Уф!.. Похоже на обыкновенный отчет. Бедному следователю отец внушал чисто производственную проблематику, купаться в которой людям в погонах было просто неинтересно. У них ведь были совсем другие задачи.
Однако хочешь не хочешь, а слушай. Записывай.
Вникать необязательно, а вот ВЕСТИ ДЕЛО — твоя обязанность. А потому приходится «шуровать» во всех направлениях, прикидываться знатоком и даже выглядеть специалистом по вопросам, к государственной безопасности напрямую отношения не имеющим.
И вот начинается так называемый «производственный роман» — особый литературный жанр, специфика которого в том, что служебные конфликты описываются здесь с такими подробностями и значением, что выдавливают и подчиняют личную жизнь человека, работу и только работу делают всепоглощающим смыслом существования.
Если бы Хейли творил в те времена в Петропавловске, он написал бы не «Аэропорт», а «Судремзавод», представить себе сей фантазм невозможно.
Гораздо реальнее в советском пространстве располагался какой-нибудь гладковский «Цемент», а рядом сигналила об энтузиазме тогдашней комсомольской стройки Вера Кетлинская своим азартным романом «Мужество»… Время 30-х — время вредителей и героев, которые с этими вредителями борются и обязательно должны их в конце концов победить.
Народ делился на шпионов и население, которое этих шпионов ловит.
Одни гады, другие молодцы. Хорошие против плохих. Положительные в непримиримой схватке с отрицательными.
Сражение на крупной стройке или в маленьком колхозе изображалось символичной глобальной битвой — за хлеб, за металлургию, за кирпичи… В общем, за социализм. Кто не с нами, тот против нас. Индустриализация требовала запечатлеть себя в живых картинах и образах, чей монументальный вид должен был восторжествовать как великий триумф сталинской идеологемы. Всё, что противостояло великому созиданию, объявлялось вредным и вражеским. «Новаторы» косили «консерваторов», «передовики» уничтожали «отстающих», «прогресс» рвал на куски «регресс»!.. На этом историческом столкновении происходило рождение homo soveticus — нового существа эпохи сталинизма.

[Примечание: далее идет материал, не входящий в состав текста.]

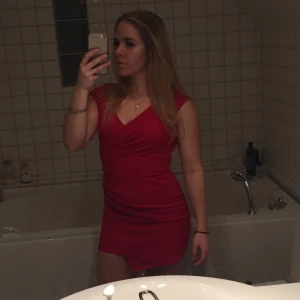 Röd klänning - Röd klänning från Nelly i storlek medium. Perfekt för julfesten🤩 Fint skick, endast använd ett fåtal gånger. Lite stretch. Formar sig fint efter kroppens kurvor. 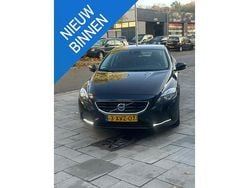 Zwart Gebruikt 2014 Volvo V40 Business Edition Hatchback | € 9.995 (Iets duurder)
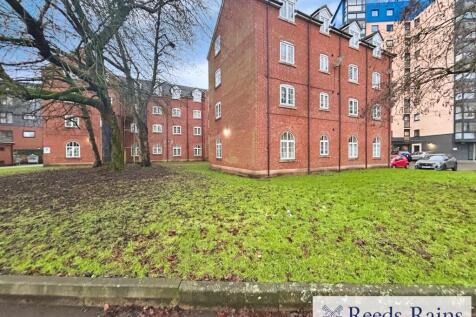 Barton Road, Manchester M30 1 bed apartment for sale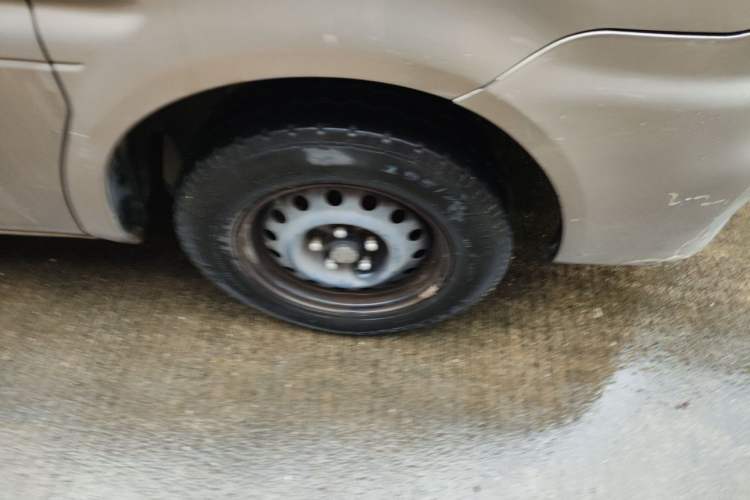 Used FORTHING Lingzhi 2019 M5L 1.6L 7-Seater Base Model China VI Standard Right Front Wheel Hub
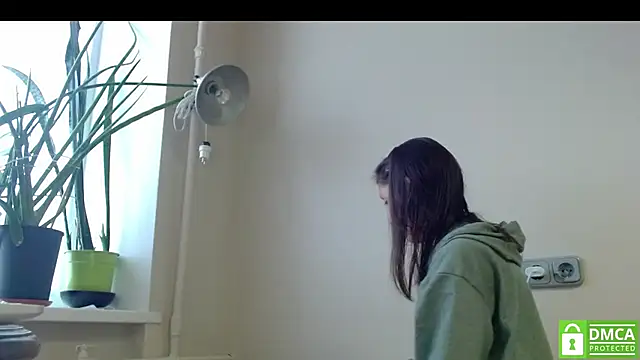 Snapshot of Sophi_Cute chatting on November 2025 12:00:02 PM Sophi Cute online show from November 2025 12:00:02 PM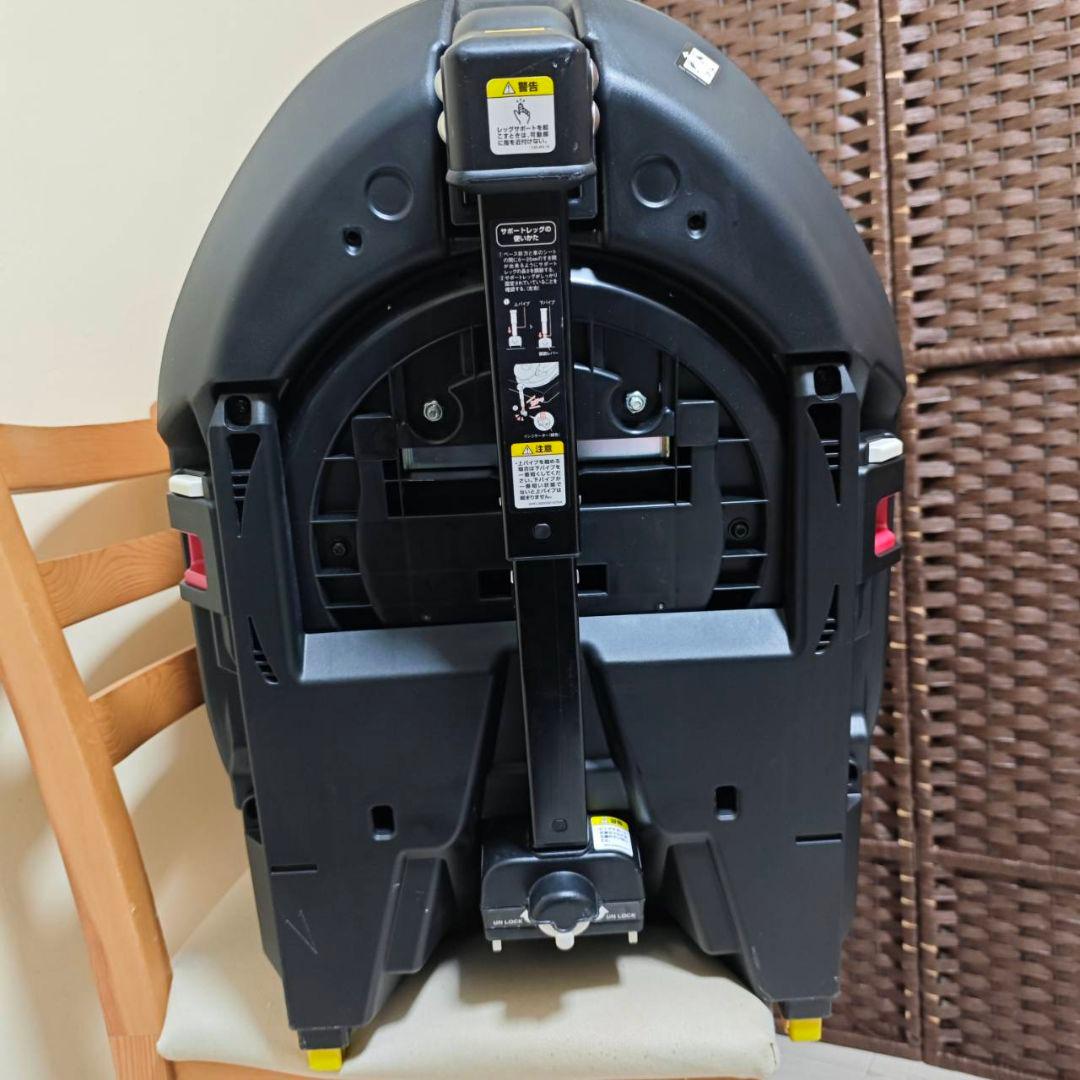 【極美品】アップリカ フラディアグロウ ISOFIX360°セーフティー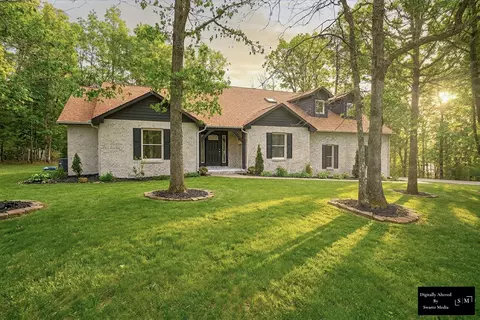 204 Meadowview Dr, Crossville, TN 38558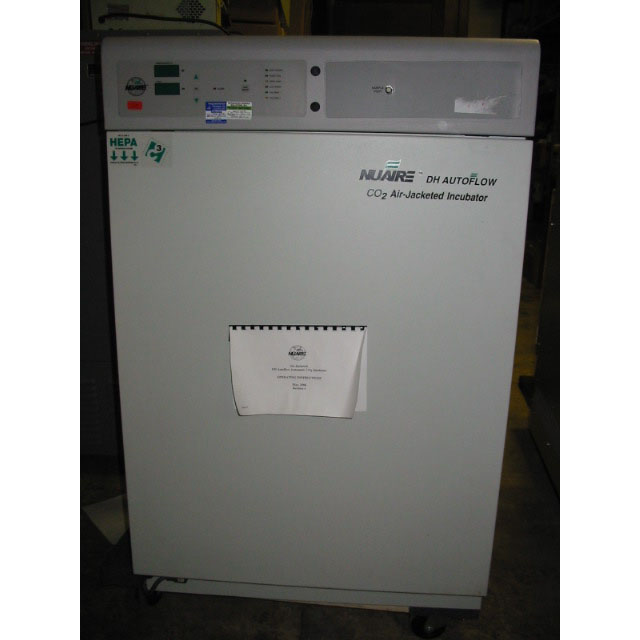 Nu-Aire Model NU-5500 air-jacketed CO2 incubator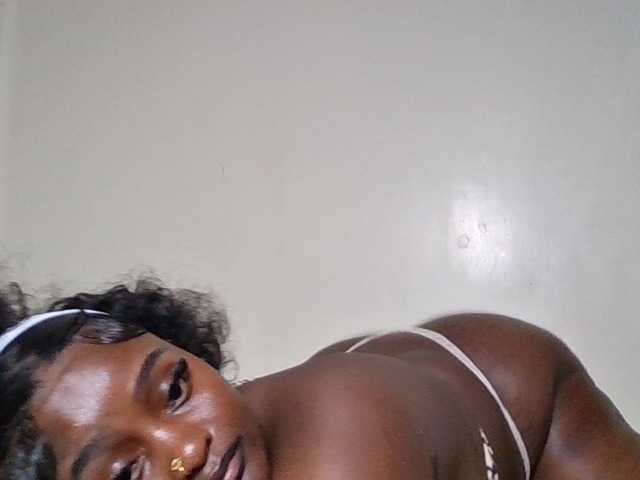 Wildebony1 live cam on BongaCams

«Лес рубят — щепки летят». Мой отец стал образцовой щепкой. Вся его безграничная искренняя преданность социализму только подливала масла в огонь, в гудении и треске которого эти самые люди-щепки быстро обугливались. Система пожирала своих сотрудников, считая их недостаточно преданными верноподданными. Малейшая ошибка или ущерб могли стать причиной неблагонадежности и привести к трагедии.
Кличка «вредитель» становилась клеймом. От него ни отмыться, ни оттереться.

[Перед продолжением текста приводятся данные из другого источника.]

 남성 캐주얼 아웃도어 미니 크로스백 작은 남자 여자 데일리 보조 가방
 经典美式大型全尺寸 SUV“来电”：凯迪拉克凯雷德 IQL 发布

«Вредителю» — каждому — уготованы лишь два варианта. Первый — из трех букв: ВМН. Что в переводе на русский — Высшая Мера Наказания. Второй тоже из трех букв: ЗЭК. Что означало — заключенный. И теперь остатком твоей жизни распоряжался ГУЛАГ.

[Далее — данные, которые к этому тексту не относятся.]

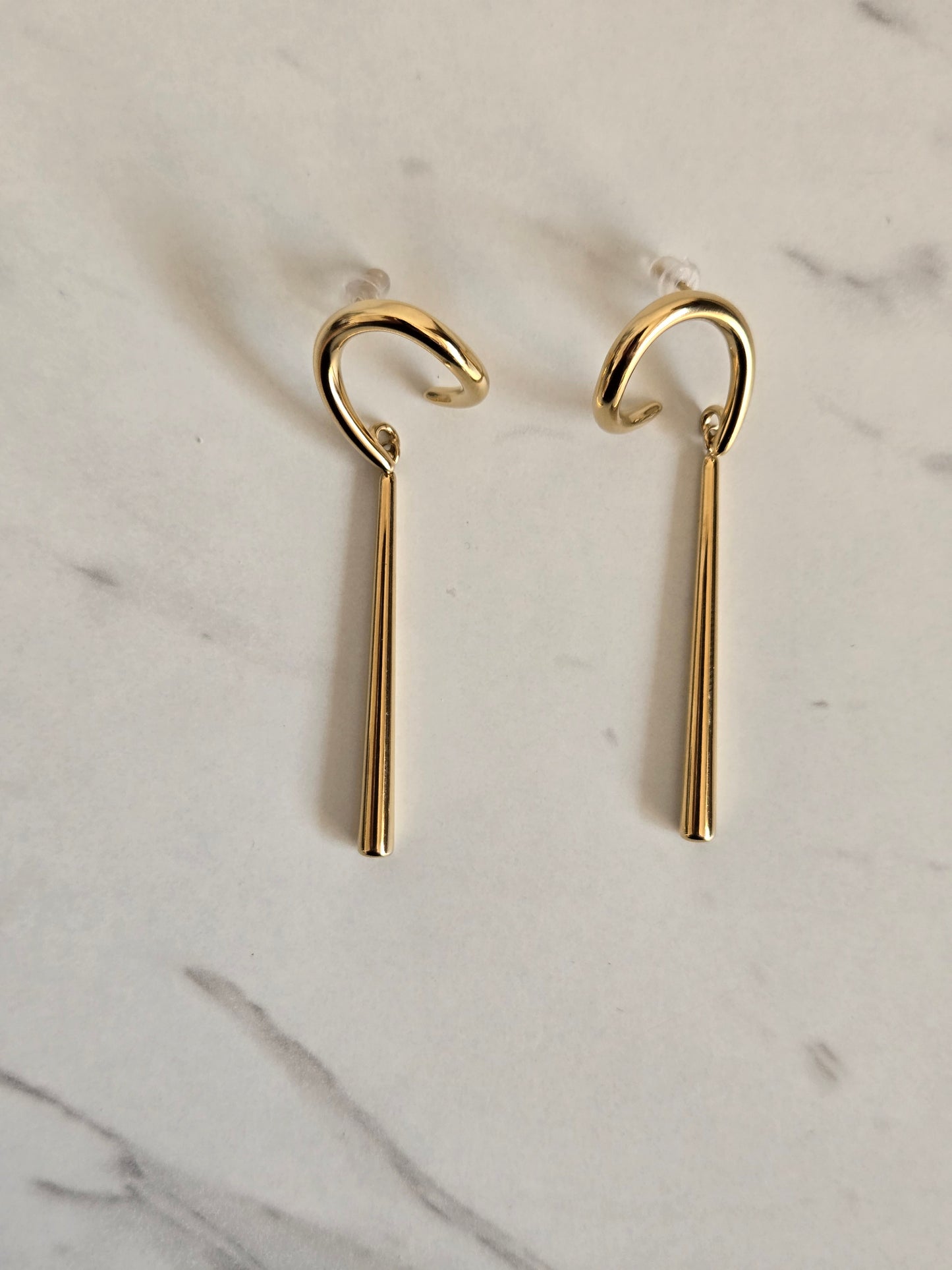 Sleek Abstract Drop Earrings (Gold)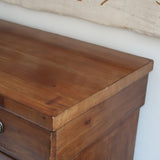 Buffet ancien vintage en bois de noyer massif, années 30, trois tiroirs en ceinture à poignées rondes en laiton, trois portes à panneaux moulurés, base à plinthe pleine, compartiment intérieur doublé de zinc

Однако всякое «дело» все же надо было состряпать. Каждый расстрел «усатый» требовал обосновать, чтобы мы, потомки, не могли ни к чему придраться. Чтобы и сейчас нам можно было бы впарить тогдашнюю ложь — представить голые обвинения, в которых логики и аргументации — кот наплакал, зато есть главное — «чистосердечное раскаяние» и признание каждого взятого под стражу. Если «сам признался» — значит, виновен и «суд» (приговор) над тобой будет считаться справедливым. Поэтому выбить признание и есть цель следствия — не поиск истины, не разбор «правоты — неправоты» доноса, а вот эта дорогостоящая — ценою в жизнь — строчка: «Признаю себя виновным». Достаточно!.. Теперь…
— Распишись!
И расписывались. Миллионы!.. И — к стенке.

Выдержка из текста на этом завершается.